A Position Statement from the Committee on Storytelling, 1992
Once upon a time, oral storytelling ruled. It was the medium through which people learned their history, settled their arguments, and came to make sense of the phenomena of their world. Then along came the written word with its mysterious symbols. For a while, only the rich and privileged had access to its wonders. But in time, books, signs, pamphlets, memos, cereal boxes, constitutions—countless kinds of writing appeared everywhere people turned. The ability to read and write now ruled many lands. Oral storytelling, like the simpleminded youngest brother in the olden tales, was foolishly cast aside. Oh, in casual ways people continued to tell each other stories at bedtime, across dinner tables, and around campfires, but the respect for storytelling as a tool of learning was almost forgotten.
Luckily, a few wise librarians, camp counselors, folklorists, and traditional tellers from cultures which still highly valued the oral tale kept storytelling alive. Schoolchildren at the feet of a storyteller sat mesmerized and remembered the stories till the teller came again. Teachers discovered that children could easily recall whatever historical or scientific facts they learned through story. Children realized they made pictures in their minds as they heard stories told, and they kept making pictures even as they read silently to themselves. Just hearing stories made children want to tell and write their own tales. Parents who wanted their children to have a sense of history found eager ears for the kind of story that begins, “When I was little. . . . ” Stories, told simply from mouth to ear, once again traveled the land.
What Is Storytelling?
Storytelling is relating a tale to one or more listeners through voice and gesture. It is not the same as reading a story aloud or reciting a piece from memory or acting out a drama—though it shares common characteristics with these arts. The storyteller looks into the eyes of the audience and together they compose the tale. The storyteller begins to see and re-create, through voice and gesture, a series of mental images; the audience, from the first moment of listening, squints, stares, smiles, leans forward or falls asleep, letting the teller know whether to slow down, speed up, elaborate, or just finish. Each listener, as well as each teller, actually composes a unique set of story images derived from meanings associated with words, gestures, and sounds. The experience can be profound, exercising the thinking and touching the emotions of both teller and listener.

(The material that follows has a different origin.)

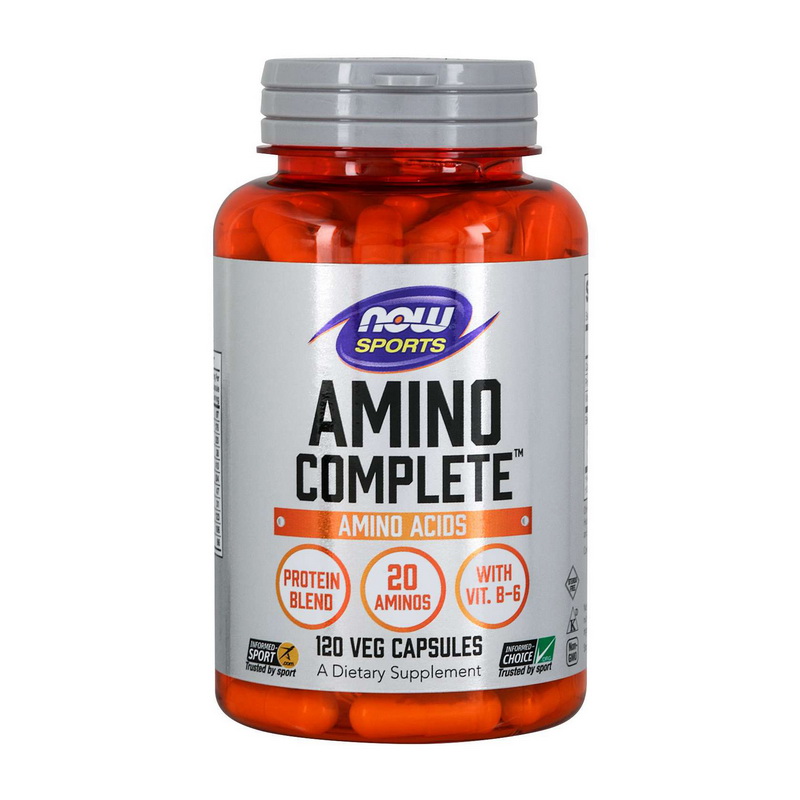 AMINO COMPLETE (120 caps) AMINO COMPLETE (120 caps)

Why Include Storytelling in School?
Everyone who can speak can tell stories. We tell them informally as we relate the mishaps and wonders of our day-to-day lives. We gesture, exaggerate our voices, pause for effect. Listeners lean in and compose the scene of our tale in their minds. Often they are likely to be reminded of a similar tale from their own lives. These naturally learned oral skills can be used and built on in our classrooms in many ways.
Students who search their memories for details about an event as they are telling it orally will later find those details easier to capture in writing. Writing theorists value the rehearsal, or prewriting, stage of composing. Sitting in a circle and swapping personal or fictional tales is one of the best ways to help writers rehearse.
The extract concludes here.